WHAT TO WORK ON => Exact reproduction, images excluded: write out the records below.
═════ DATA EXCERPTS ═════
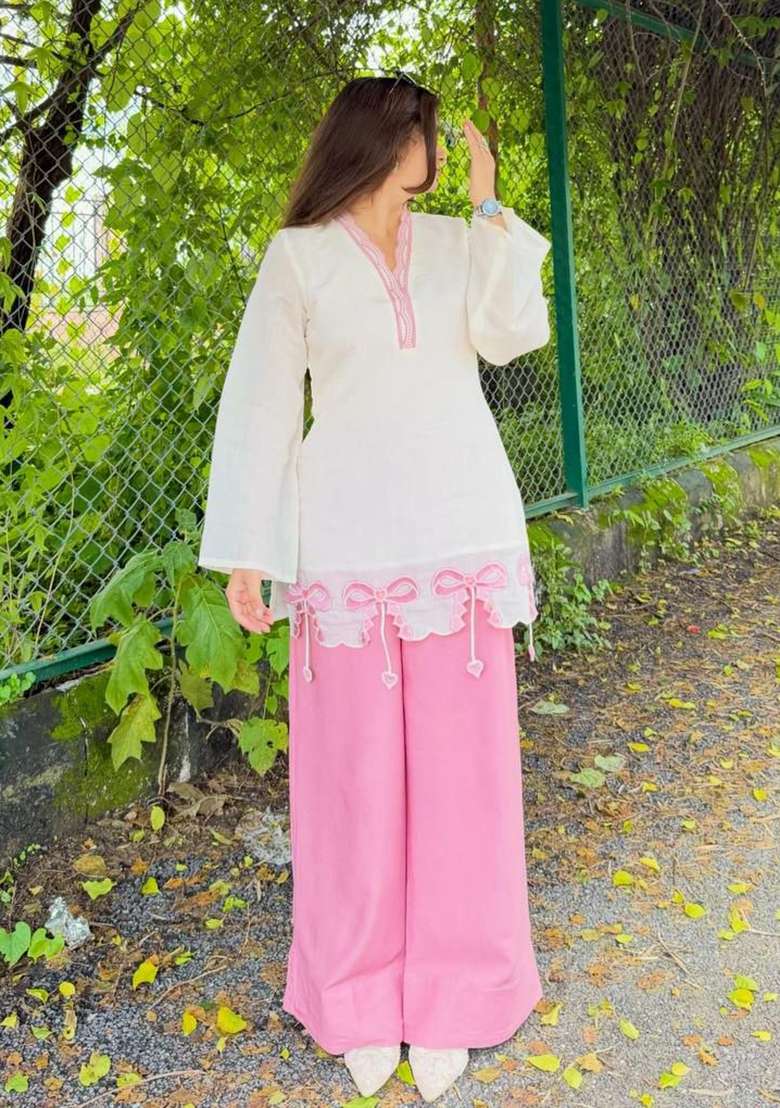 Pink Embroidery Silk Salwar Suit Set - Indya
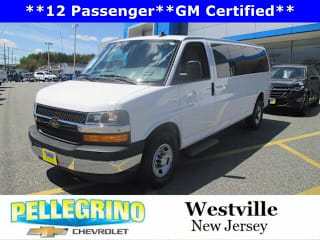2019 Chevrolet Express Passenger LT 3500 1GAZGPFG3K1211912 2019 Chevrolet Express Passenger LT 3500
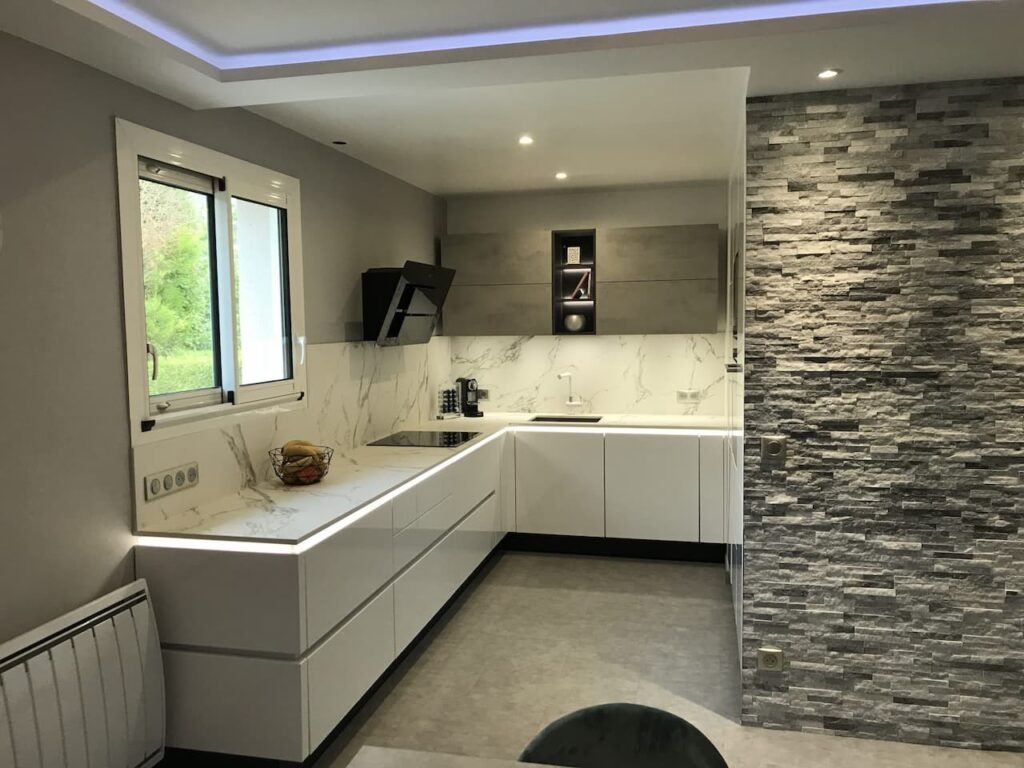 dg-cuisine-realisation-saint-mande-cuisine-allemande-bi-ton-blanche-gris-beton-plan-de-travail-quartz-cosentino-silestone-marbré-03
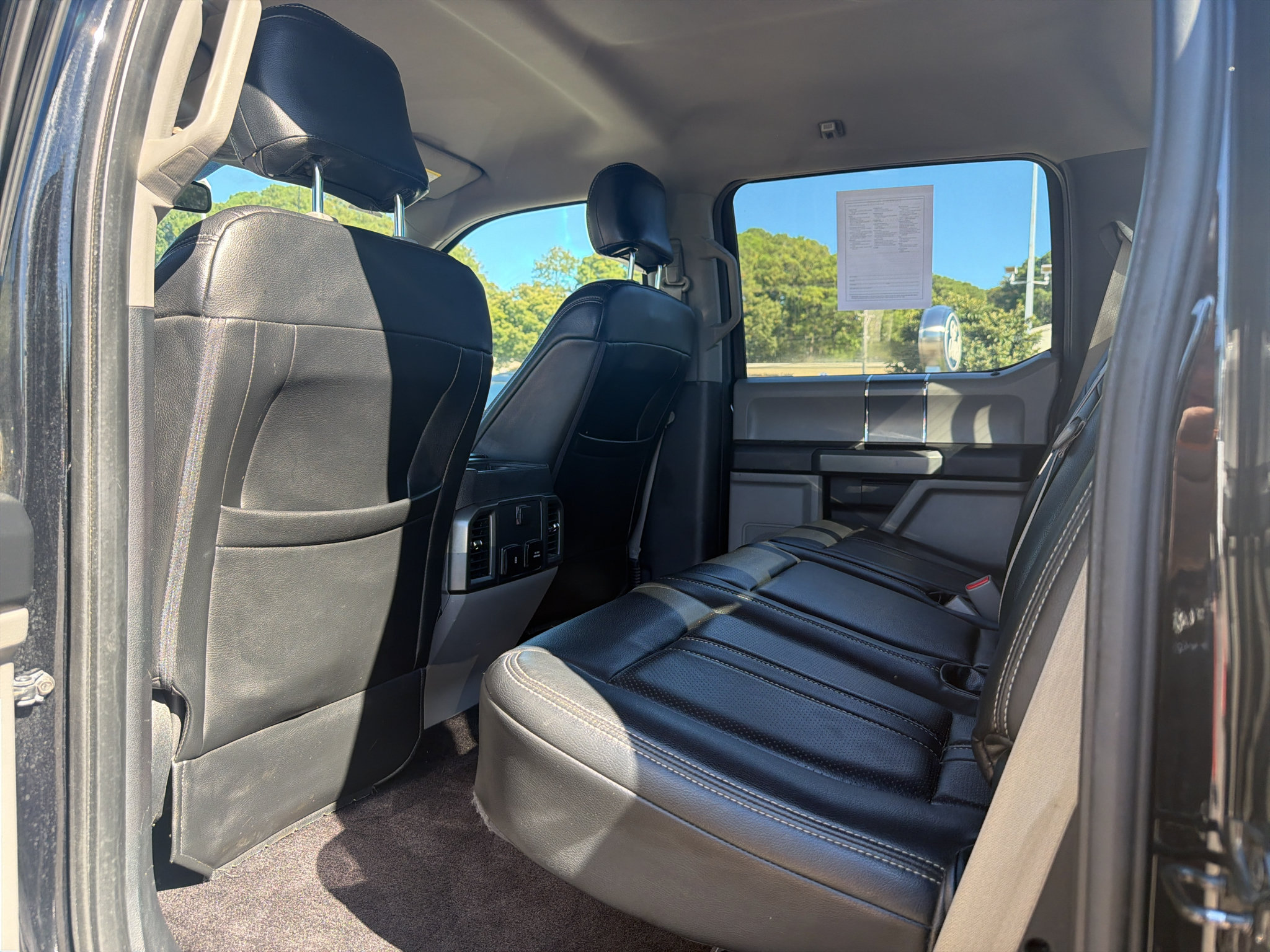 Used 2017 Ford F150 XLT w/ Equipment Group 302A Luxury AWD/4WD image 11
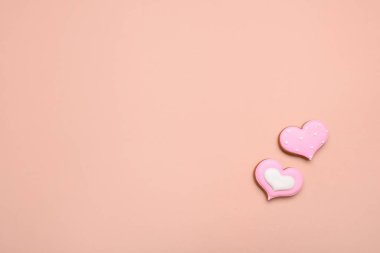 Açık arkaplanda farklı boyutlarda bir kalp şeklinde güzel zencefilli ekmek. Metin için yer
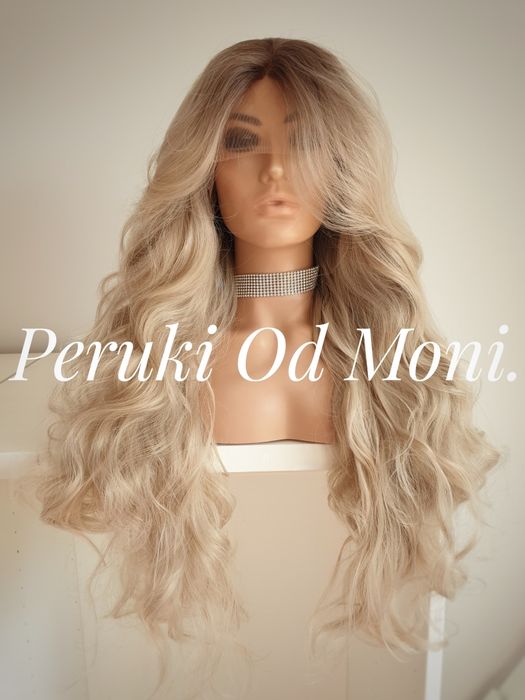 Peruka jasny popielaty blond z naturalny popielaty odrost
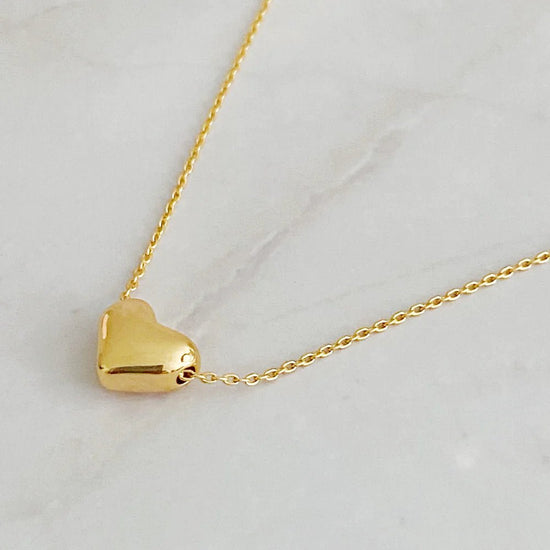 Love Bean Heart Necklace - CAKEWISH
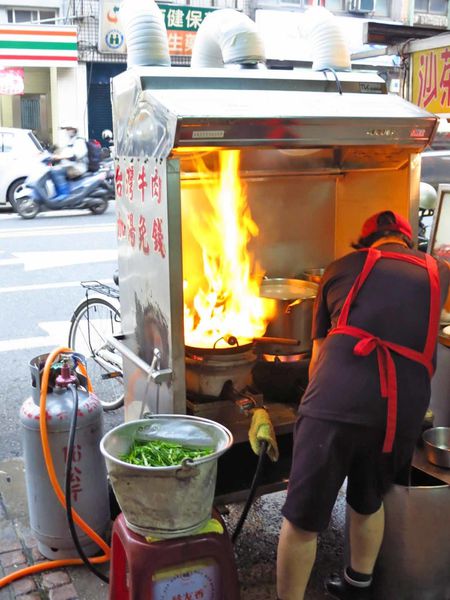 【台北美食】新營人牛肉-平價版的台灣牛肉美食
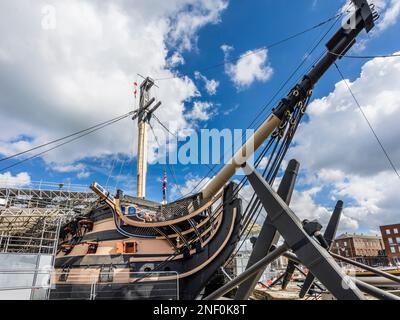 Forchastle e prua della nave museo HMS Victory, fiancheggiata da ancoraggi di toro, Portsmouth Historic Dockyard, Hampshire, Inghilterra sudorientale Foto Stock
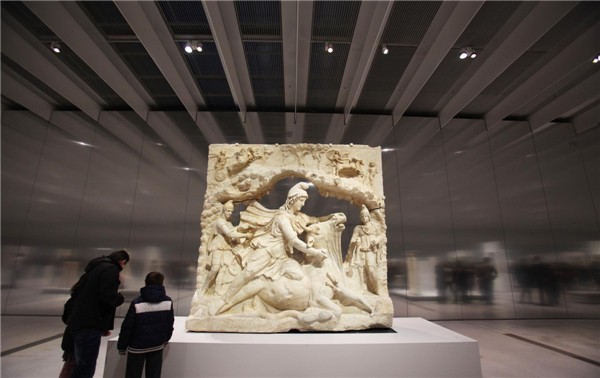 Regional branch of Louvre Museum opens in Lens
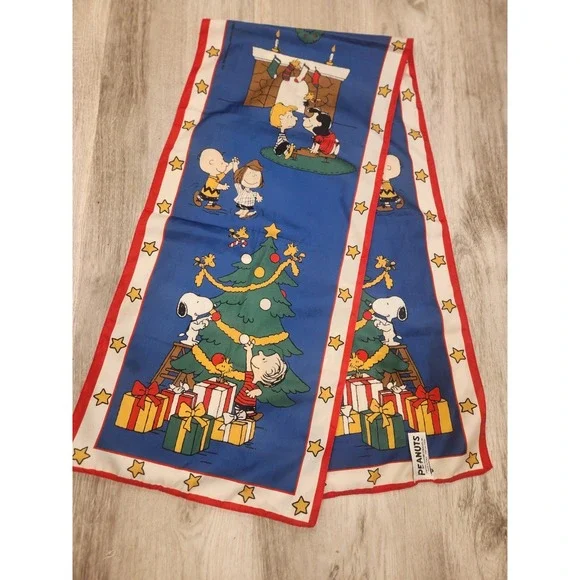 Vtg. Peanuts Snoopy Christmas Oblong Scarf Made In Italy 100% Polyester 53
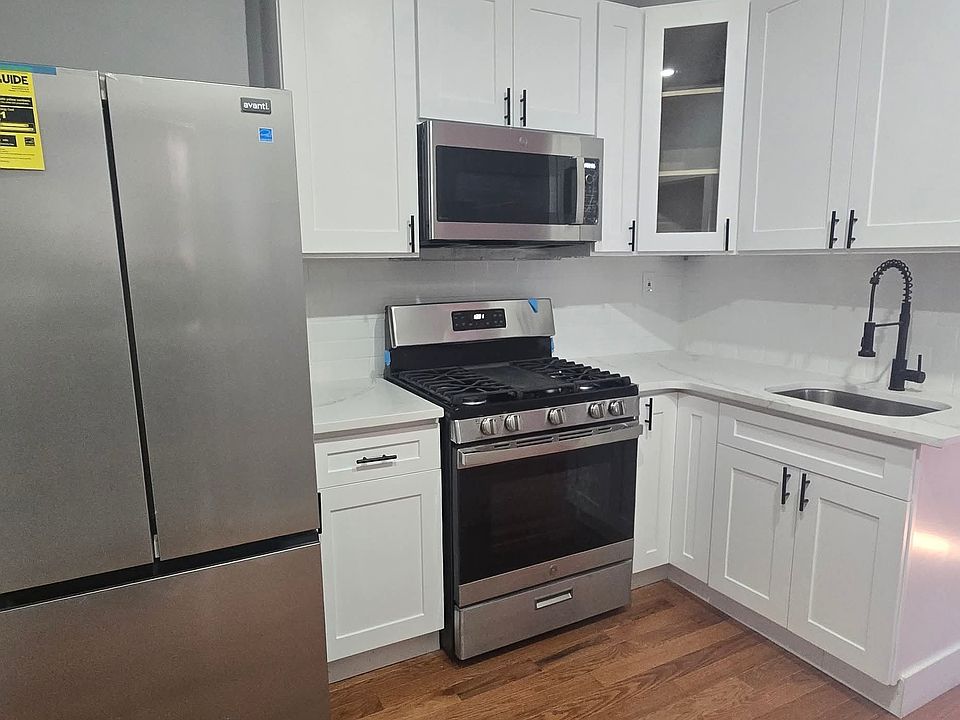 1st image of 158 Bristol St #2F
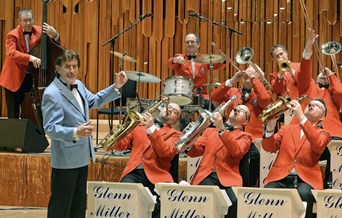 Glenn Miller Orchestra: In The Mood for Christmas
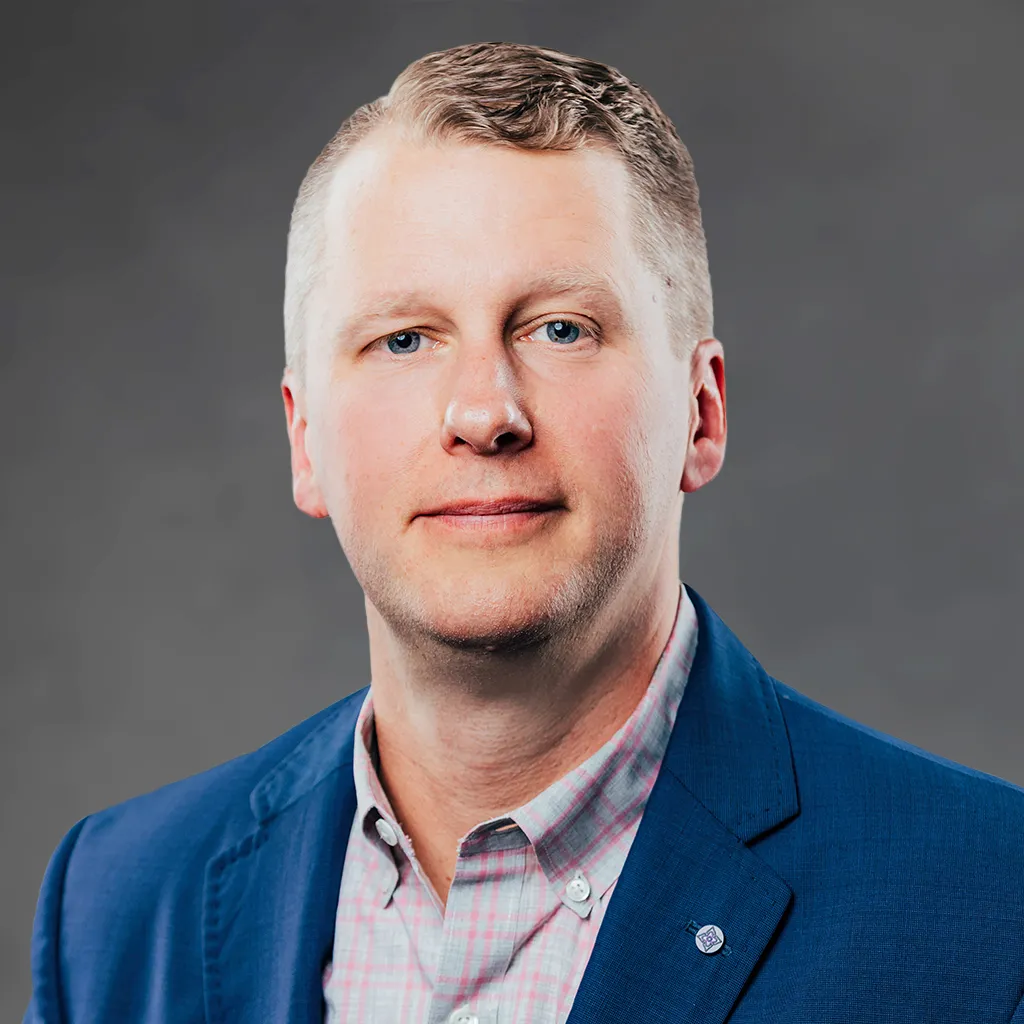 Wes Costello's Headshot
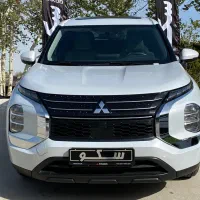 میتسوبیشی اوتلندرمدل 2023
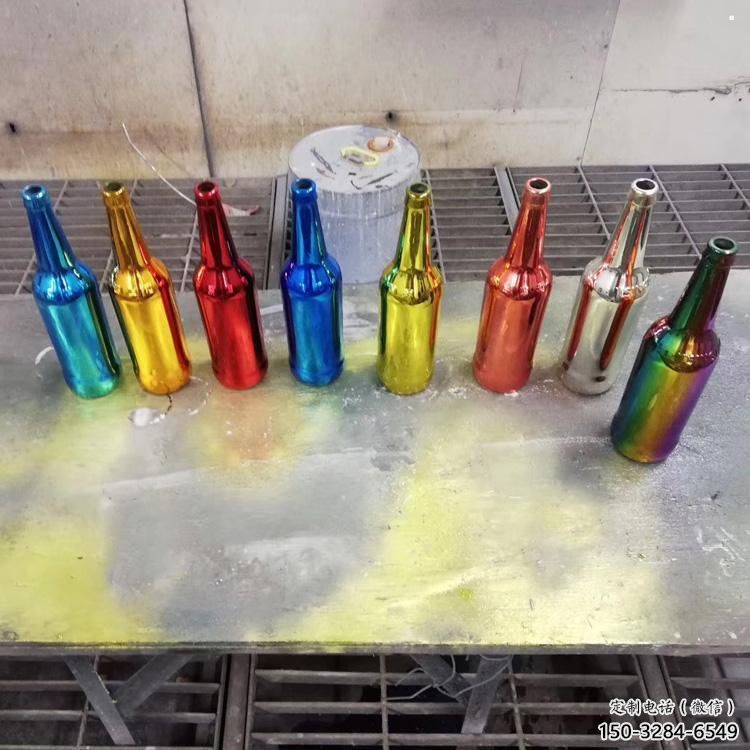 晉州公園啤酒瓶雕塑定價，村標概念，玻璃鋼啤酒瓶雕塑選用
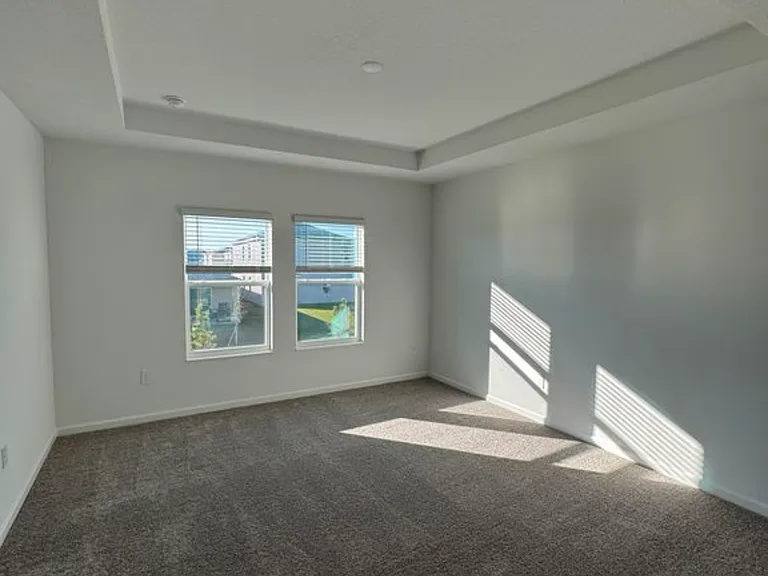 2736 Pierr St — Photo 5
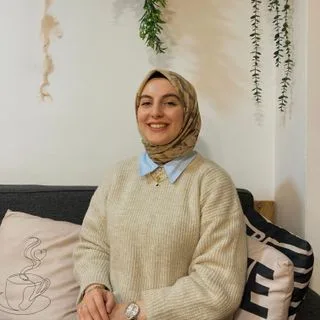 Psk. Melisa Sağbaş — Psikoloji. Portre fotoğrafı.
═════
OUTPUT =>
 Pink Embroidery Silk Salwar Suit Set - Indya
2019 Chevrolet Express Passenger LT 3500 1GAZGPFG3K1211912 2019 Chevrolet Express Passenger LT 3500
 dg-cuisine-realisation-saint-mande-cuisine-allemande-bi-ton-blanche-gris-beton-plan-de-travail-quartz-cosentino-silestone-marbré-03
 Used 2017 Ford F150 XLT w/ Equipment Group 302A Luxury AWD/4WD image 11
 Açık arkaplanda farklı boyutlarda bir kalp şeklinde güzel zencefilli ekmek. Metin için yer
 Peruka jasny popielaty blond z naturalny popielaty odrost
 Love Bean Heart Necklace - CAKEWISH
 【台北美食】新營人牛肉-平價版的台灣牛肉美食
 Forchastle e prua della nave museo HMS Victory, fiancheggiata da ancoraggi di toro, Portsmouth Historic Dockyard, Hampshire, Inghilterra sudorientale Foto Stock
 Regional branch of Louvre Museum opens in Lens
 Vtg. Peanuts Snoopy Christmas Oblong Scarf Made In Italy 100% Polyester 53
 1st image of 158 Bristol St #2F
 Glenn Miller Orchestra: In The Mood for Christmas
 Wes Costello's Headshot
 میتسوبیشی اوتلندرمدل 2023
 晉州公園啤酒瓶雕塑定價，村標概念，玻璃鋼啤酒瓶雕塑選用
 2736 Pierr St — Photo 5
 Psk. Melisa Sağbaş — Psikoloji. Portre fotoğrafı.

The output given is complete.